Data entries
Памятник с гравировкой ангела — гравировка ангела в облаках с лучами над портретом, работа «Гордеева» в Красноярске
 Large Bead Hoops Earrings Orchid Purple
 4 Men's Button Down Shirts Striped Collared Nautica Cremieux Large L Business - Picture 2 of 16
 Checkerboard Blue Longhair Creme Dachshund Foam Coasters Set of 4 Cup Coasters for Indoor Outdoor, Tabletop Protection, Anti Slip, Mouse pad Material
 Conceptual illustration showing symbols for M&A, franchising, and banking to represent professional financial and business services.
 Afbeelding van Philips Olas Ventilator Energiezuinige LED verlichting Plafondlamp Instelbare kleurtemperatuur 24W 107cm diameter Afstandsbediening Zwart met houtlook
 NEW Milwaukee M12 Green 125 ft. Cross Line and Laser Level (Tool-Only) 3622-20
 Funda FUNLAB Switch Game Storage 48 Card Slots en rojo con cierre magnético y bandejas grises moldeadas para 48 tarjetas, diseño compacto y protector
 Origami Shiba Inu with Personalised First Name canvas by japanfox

Exercise description:
Please output the exact lines of the records above, beginning with the first and stopping after the line that holds "4 Men's Button", and nothing else.

Response box:
Памятник с гравировкой ангела — гравировка ангела в облаках с лучами над портретом, работа «Гордеева» в Красноярске
 Large Bead Hoops Earrings Orchid Purple
 4 Men's Button Down Shirts Striped Collared Nautica Cremieux Large L Business - Picture 2 of 16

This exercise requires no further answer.